3. The church in the west has forgotten, if it ever truly knew, what discipleship is all about. It has taken the biblical command to “go and make disciples” and added the phrase “of Jesus”. This works well enough in a community where people are naturally drawn to “attend church.” I believe the verse really means that each of us should progress in our relationship with the Lord to the point where we serve as the equivalent to a Jewish Rabbi….and have disciples. (The disciples of Curtis or Scott or Anne). This calls us to a much higher responsibility in terms of our own relationship with Christ AND calls each of us to move outward. (Jesus found some of His disciples at the beach!) Discipleship today in most cases is nothing more than the process of taking someone who has prayed the sinners prayer and enrolling them in an intensive bible study that lasts somewhere between 12 weeks and a year.

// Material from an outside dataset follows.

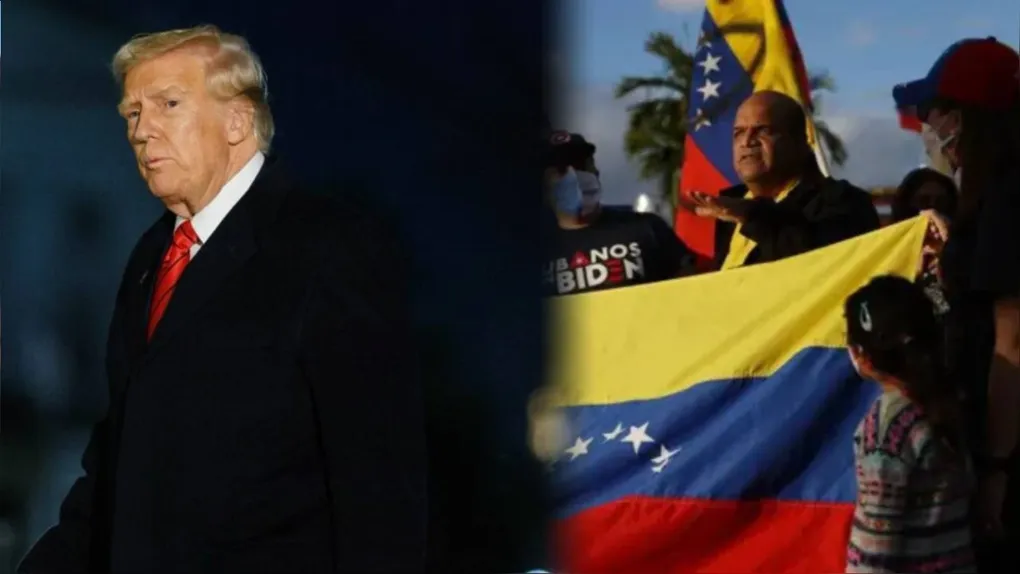 Se acaba el TPS para venezolanos: estas son tus opciones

4. The result of the church having taken this approach is that we have several generations of people who should be making disciples who have never themselves been mentored in that way. This in turn means that if we are to turn the tide there will be at least one to three generations of people who will be mentoring without any personal experience to draw from. Of course…this means we need to look even more closely at Jesus process of disciple making.

5. More than anything discipleship is about relationship. Using Jesus example as a model the process begins BEFORE “conversion”. That means that each of us is already in relationship with people we should be “discipling”, whether they are post-conversion, pre-conversion, or formerly converted.

Please feel free to poke holes in any of these observations. The conversation is well worth it. But even as you do so consider these questions:

Is the idea of “pre-conversion discipleship” too radical a departure from traditions you’ve been raised in to examine the possibilities?

If there are folks in your daily circle of relationships that you can identify as potential disciples what would keep you from pursuing that type of relationship?